:: SUPPLIED MATERIAL ::

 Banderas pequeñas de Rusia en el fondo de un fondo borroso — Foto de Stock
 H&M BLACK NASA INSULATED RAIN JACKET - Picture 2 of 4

:::
:: SUPPLIED MATERIAL ::

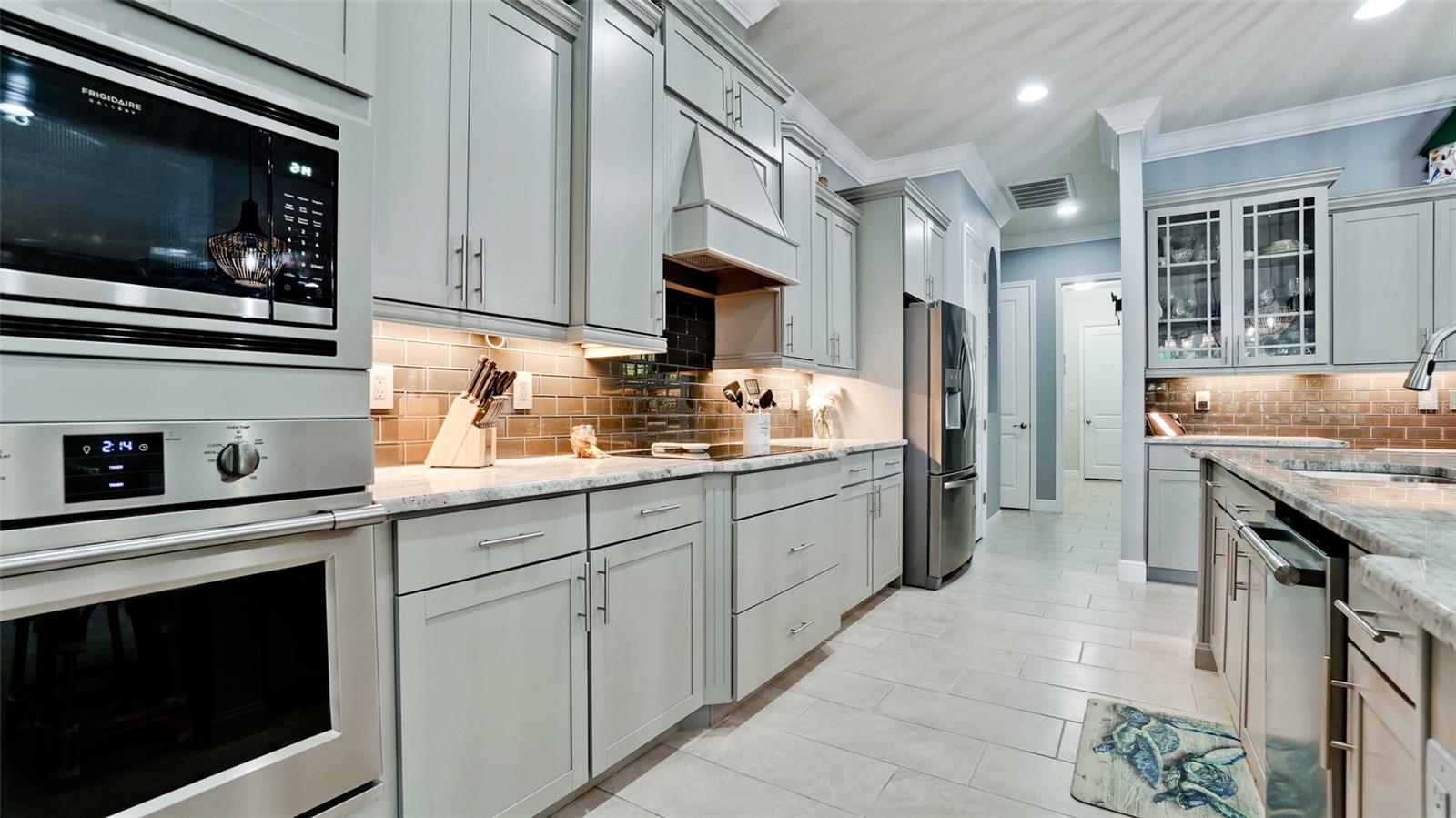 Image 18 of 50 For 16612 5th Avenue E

:::

→ **WHAT YOU NEED TO DO**: In the listing above, transcribe exactly everything from the line containing "Banderas pequeñas de" down to the line containing "H&M BLACK NASA", including both and nothing more.

→ **WRITTEN ANSWER**:
 Banderas pequeñas de Rusia en el fondo de un fondo borroso — Foto de Stock
 H&M BLACK NASA INSULATED RAIN JACKET - Picture 2 of 4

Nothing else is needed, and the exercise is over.